◆ Work instruction ◆
The answer is to be the data that follows, transcribed exactly, minus its pictures.

◆ Given material ◆

********************

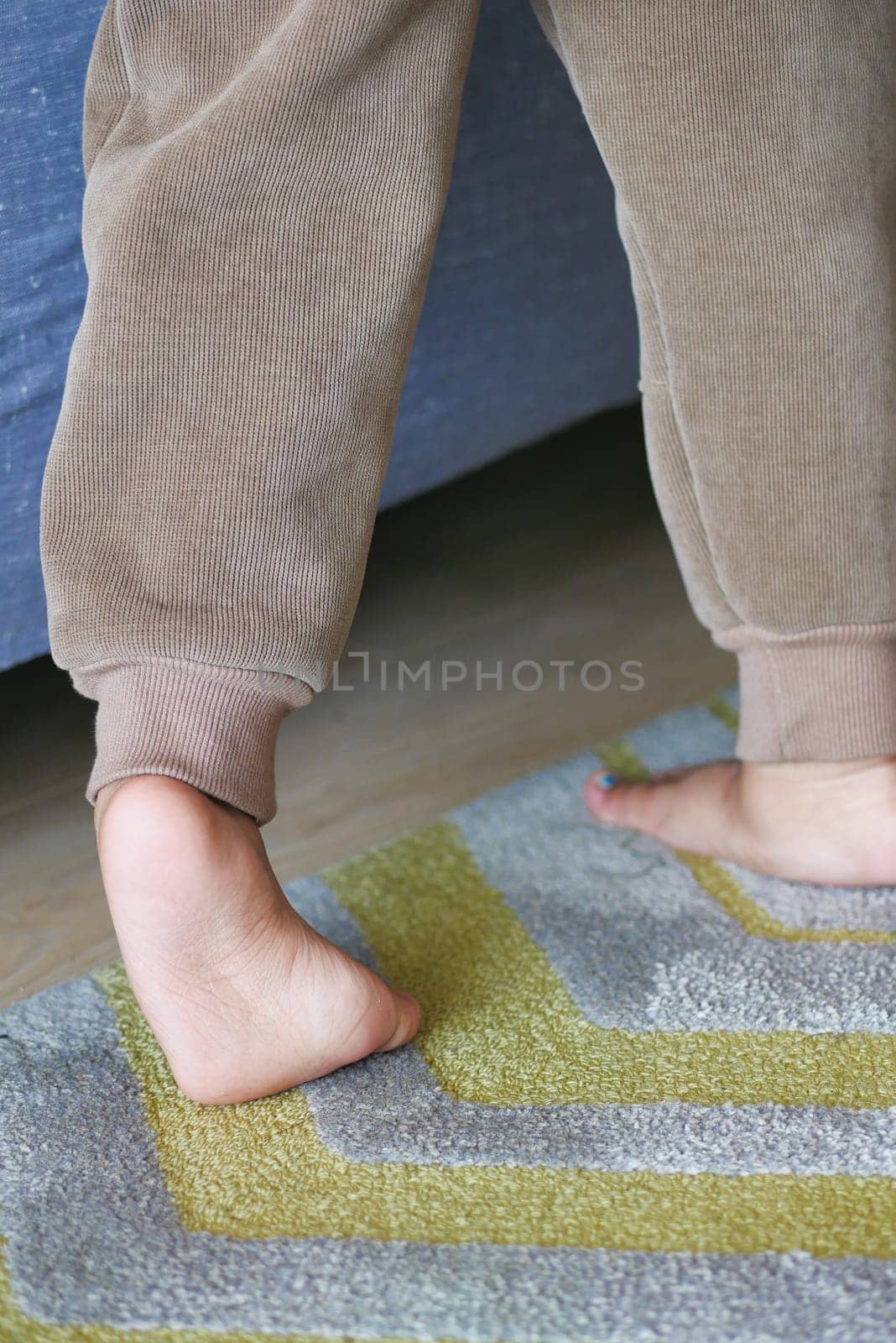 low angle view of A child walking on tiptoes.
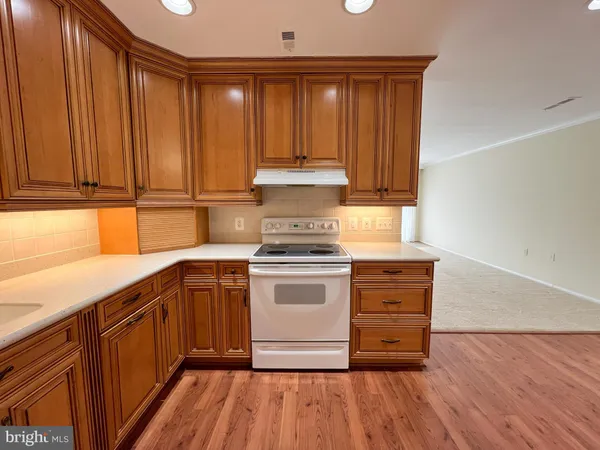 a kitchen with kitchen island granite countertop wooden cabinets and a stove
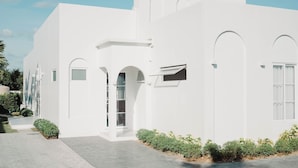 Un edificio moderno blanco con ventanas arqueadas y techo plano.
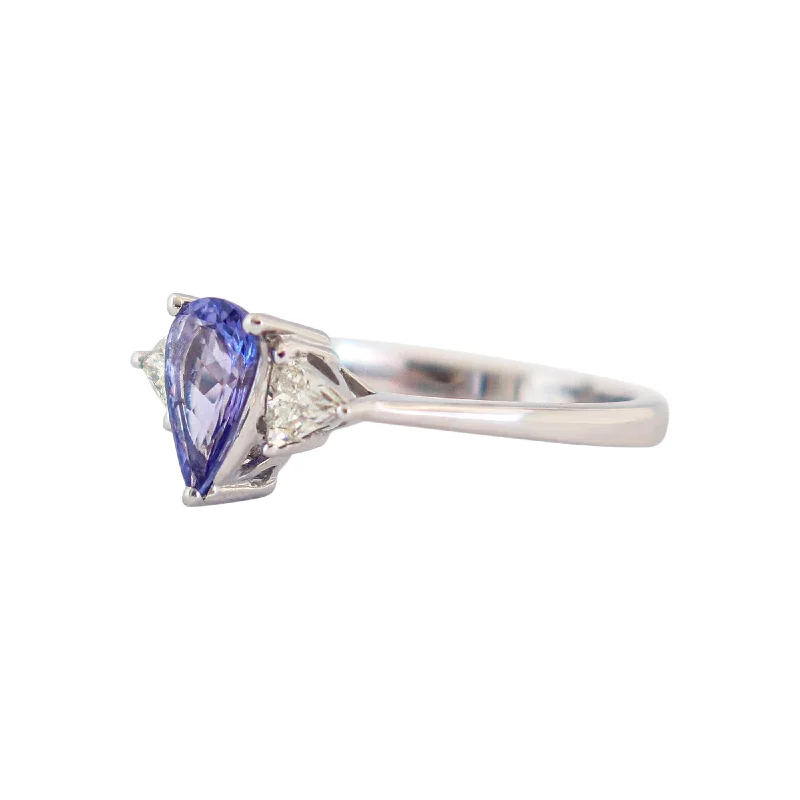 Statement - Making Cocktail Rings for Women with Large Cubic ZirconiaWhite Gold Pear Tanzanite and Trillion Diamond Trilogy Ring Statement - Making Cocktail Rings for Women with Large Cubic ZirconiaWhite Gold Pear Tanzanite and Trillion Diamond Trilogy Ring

********************

◆ Answer space ◆
 low angle view of A child walking on tiptoes.
 a kitchen with kitchen island granite countertop wooden cabinets and a stove
 Un edificio moderno blanco con ventanas arqueadas y techo plano.
 Statement - Making Cocktail Rings for Women with Large Cubic ZirconiaWhite Gold Pear Tanzanite and Trillion Diamond Trilogy Ring Statement - Making Cocktail Rings for Women with Large Cubic ZirconiaWhite Gold Pear Tanzanite and Trillion Diamond Trilogy Ring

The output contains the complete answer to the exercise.